On the other side of the Channel, there is also internal negotiation to be done before trade talks open. Barnier says he understands what Britain doesn’t want -- being in the single market and customs union, accepting EU court rulings, and open immigration. But, he says, what does Britain want? He’s looking for an answer before finalising the EU position. And May is facing battles inside her own government team, or cabinet, and with opponents in parliament, where she has a slim majority, on whether quitting the single market and/or customs union is really such a good idea for the British economy. Those keen on Brexit want a clean slate to cut deals with other parts of the world, but many worry about the cost of new barriers in Europe.
One reason her fellow leaders gave May a round of applause over dinner on Thursday night was to offer encouragement for her perseverance, despite deep splits in her own party, in keeping a semblance of order in a Brexit process she did not want. But can she keep it up? A host of scenarios could see May out before Brexit. Dependent on Northern Irish allies after a botched snap election in June, she was defeated on Wednesday in a vote that now gives parliament a final say on a Brexit deal. When her strongest card seems to be that no one else is keen to take on a thankless job with little future, then stability is not a given.

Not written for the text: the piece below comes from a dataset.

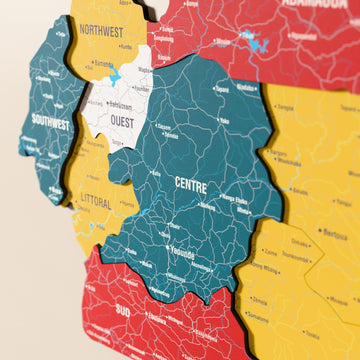 Close-up of the Flag colored Cameroon wooden wall map with layered regions and printed names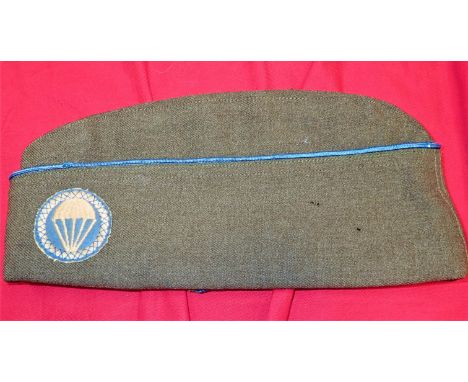 Green wool cap, blue-piped, showing wear, with cross-stitched paratroopers’ patch &amp; divisional enamel badge.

Last week’s “joint report” with Barnier that unlocked the EU agreement to open trade talks depended on fudging how they will avoid erecting the infrastructure of a “hard” EU-UK border that could disrupt peace in Belfast. Brussels and Dublin will say May must honour a pledge to keep Northern Ireland in “regulatory alignment” with the EU to the south -- effectively in a customs union. But she also promised to keep the north aligned with the rest of the UK and to let the UK diverge from the EU. With her Belfast allies determined to avoid any barriers with mainland Britain and pro-Brexit London ministers set on breaking with EU regulations, May faces a tough task agreeing a “framework” for future relations before Brexit.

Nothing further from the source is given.